- Client had a product through which DB performance can be enhanced.
- This product was capable of enhancing performance of couple of RDBMS databases.
- HDFS, HBase, Hive file-system benchmarking was not a standard practice.
- OLAP performance analysis and monitoring for individual node.
- Distributed queries going via the product was a challenge.
- Spark job with connector to analyse time-series data in Cassandra DB.
- Modify default Spark queries to utilize the product capabilities.
- Apache Hadoop cluster of 3 nodes was created.
- Different data sizes were populated and read in/from the HDFS filesystem to base-line the cluster.
- Hive and HBase queries were built and executed with different combinations to base-line the performance of the cluster services.
- Memory and system level tuning was done to get optimal performance output from the cluster.

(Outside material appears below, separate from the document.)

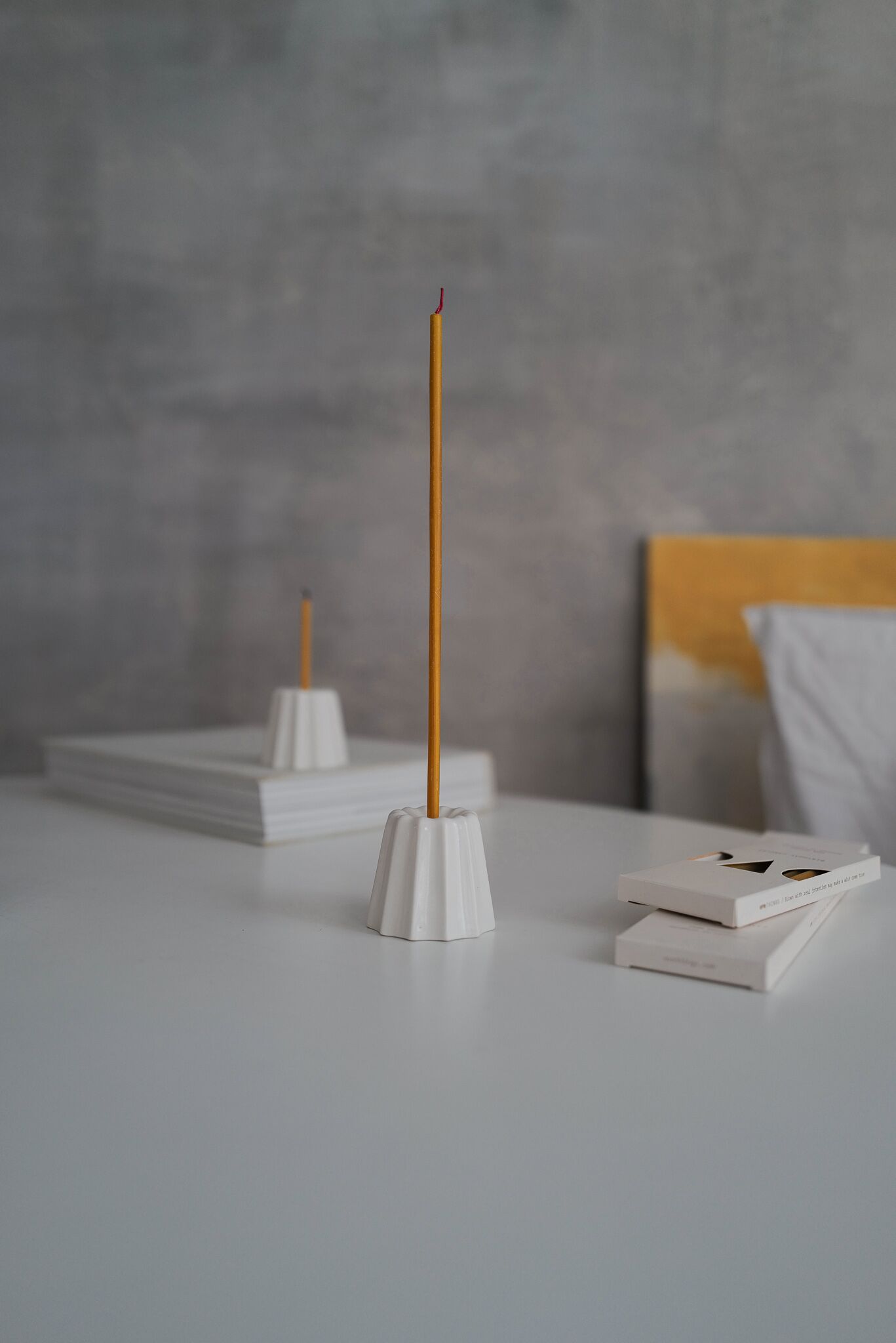 Porcelain Candle Holder 07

- Fraud Detection - For Cassandra DB activities, time-series data of 100M transactions was populated on the cluster and a file containing 1M lost cards was provided to a spark job to detect fraud transactions.
- Different executor combinations were tested to see the best performance point.
- Spark SQL queries were tuned, so that they go through product cache, thereby getting optimal performance throughput.
- Client was able to base-line HDFS, Hbase and Hive performance.
- Cassandra DB performance was enhanced to run Fraud Detection scenarios upto 20% faster than default configuration.